Deep Dive into UserData
Introduction
Have you ever wondered how to customize cloud infrastructure to fit your specific needs? User data is the key, and in this article, we'll take a deep dive into it, covering everything you need to know with complete clarity.
At its core, user data is a set of instructions or scripts that can be run on a new instance to configure its behaviour and settings. With the help of cloud-init, a powerful open-source tool, users can automate the initialization process and define scripts and commands to run when an instance is launched.
In this article, we'll explore the importance of user data in AWS, how it works, and how to use cloud-init to get the most out of it. So, buckle up and get ready for a deep dive into the ins and outs of user data in AWS.
What is UserData?
User data in AWS is a set of instructions or scripts that can be provided to a new instance during its launch. These instructions can be used to customize the instance's behaviour and settings, such as installing software packages, configuring network settings, or running custom scripts. By using user data, you can automate the initialization process and quickly set up instances with the configurations you need. User data can be passed to instances using the AWS Management Console, CLI, or SDKs.
Let us see a simple user data that installs and enables an Apache HTTP server on an aws ec2 instance:
#!/bin/bash
yum update -y
yum install -y httpd
systemctl start httpd
systemctl enable httpd
echo "<h1>Hello World from $(hostname -f)</h1>" > /var/www/html/index.html
Notes:
'#!' is called a Shebang and it tells the machine, which interpreter it must use for executing the user data script. Here it is Bash Shell that should be used.
Here we have installed an Apache HTTP service on the ec2 which will fire up the index.html page displaying "hello world from the <hostname>" when triggered on port 80.
See it for yourself...
Fig-1: AWS EC2 Instance
Fig-2: Displaying the index.html page
Note:
- You need to open the address on the EC2 with HTTP and call it on port 80, So it will be like "http://<IPv4 of EC2>:80". You can't run on HTTPS by default. This is because HTTPS requires a valid SSL/TLS certificate, and by default, EC2 instances don't come with one pre-installed.
But how does all of this happen - CloudInit comes into the picture
According to the docs of Cloud-Init:
" Cloud-init
is the industry standard multi-distribution method for cross-platform cloud instance initialisation. It is supported across all major public cloud providers, provisioning systems for private cloud infrastructure, and bare-metal installations.
During boot, cloud-init
identifies the cloud it is running on and initialises the system accordingly. Cloud instances will automatically be provisioned during first boot with networking, storage, SSH keys, packages and various other system aspects already configured.
Cloud-init
provides the necessary glue between launching a cloud instance and connecting to it so that it works as expected.

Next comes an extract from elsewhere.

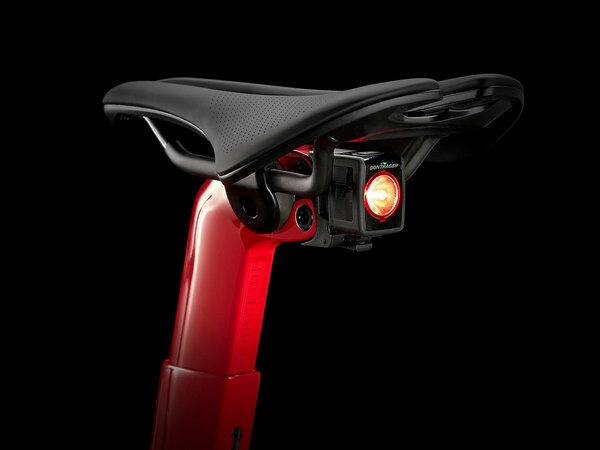 Bicykel Trek Madone SLR 9 eTap Gen 6 Navy Carbon Smoke/Viper Red 2022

For cloud users, cloud-init
provides no-install first-boot configuration management of a cloud instance. For cloud providers, it provides an instance setup that can be integrated with your cloud. "

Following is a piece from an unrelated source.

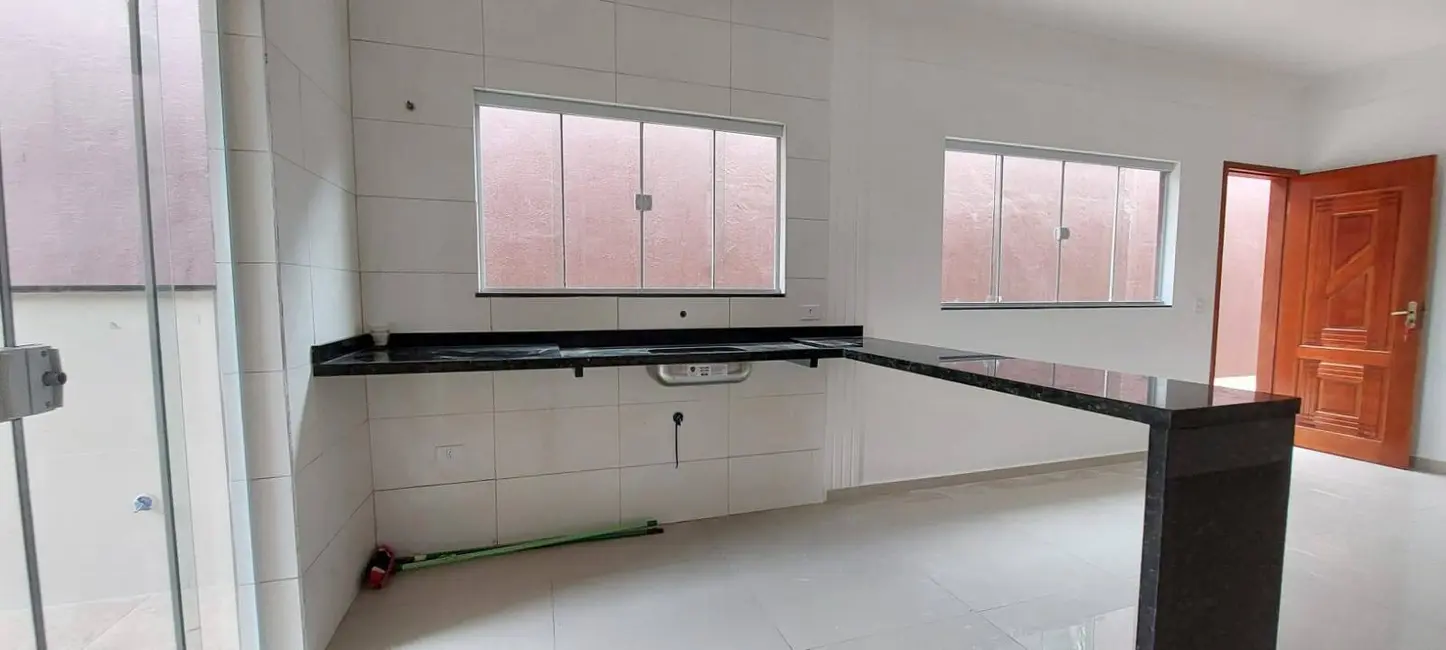 Foto 4 de Casa com 3 quartos à venda, 210m2 em Mongagua - SP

A bit confusing right...Let me tell you. Cloud-init is basically "Cloud Initialisation" meaning you can initialise your cloud instances with the specific configuration during boot. The cloud-init software package helps you to run the user data and set up the necessary configuration.
But is that all...
UserData holds a very special characteristic with it. It runs only once when the instance is launched for the first time. But you might have seen that you are allowed to change the user data after stopping the instance. So "it runs only once" does not make sense. Well, It does.
Even though you will be able to change the user data, definitely it will show you the modified user data also. But it will not apply these changes to the machine for real.
See for yourself...
Below is the updated index.html, We stopped the running instance and modified the user data and started the instance.
#!/bin/bash
yum update -y
yum install -y httpd
systemctl start httpd
systemctl enable httpd
echo "<h1>Changed User Data Hello World from $(hostname -f)</h1>" > /var/www/html/index.html
Let's check, does this make a difference...

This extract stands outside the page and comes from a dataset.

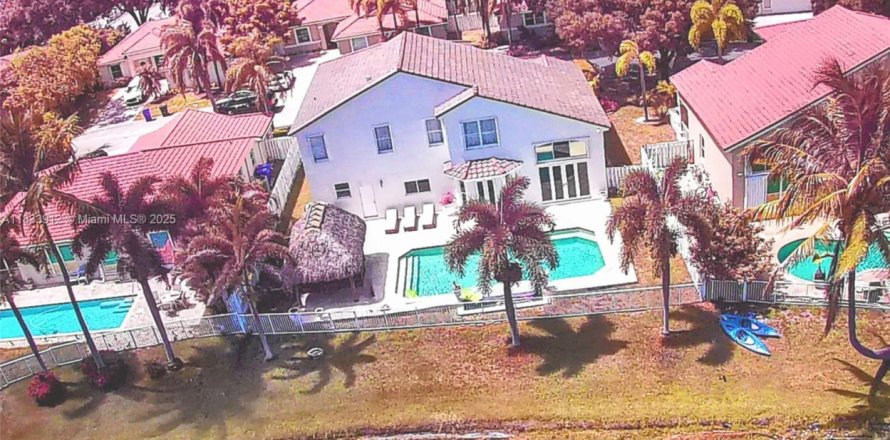 Casa en Hollywood, Florida 5 dormitorios, 269.04 m2 № 1817711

Well, it does not which justifies the characteristic we learn about the user data. Also, one thing to note is that even rebooting the instances won't make a difference because rebooting does not reinitialise the machine with user data but is used for other cases like the machine won't change its public address etc.
Going into the BTS...
Let's discuss what happens behind the scenes. To ensure that user data runs only once, AWS sets a flag during the initial boot process to indicate that the user data has been executed. This prevents the user data from running again if the instance is stopped and restarted or if it undergoes a reboot. But who sets this flag in the instance, It's the cloud-init. It sets the flag and checks whether the user data has already run or not. Note that user data running only once also has a cause associated with it and that's why it has been designed in such a way. The cloud-init has a file called "config_scripts_user" which is a semaphore file created by cloud-init to track whether the user data has already been executed on an instance. This file stores the state of the user data being executed or not.
So can we not do something so that our changes in the user data are reflected given that it's not the first launch on the instance? Well, it's pretty obvious by now that the main control is with Cloud-init and it's the one responsible for running the user data.
There are ways in which we can run our user data again just once or even on every boot. Let's look into that.
Running UserData script multiple times...
You might have guessed already that if the "config_scripts_user" file is a state file which is checked by cloud-init to determine whether the user data has run or not. So simply deleting this file will effectively reset the flag and then starting the instance again will probably run the user data script.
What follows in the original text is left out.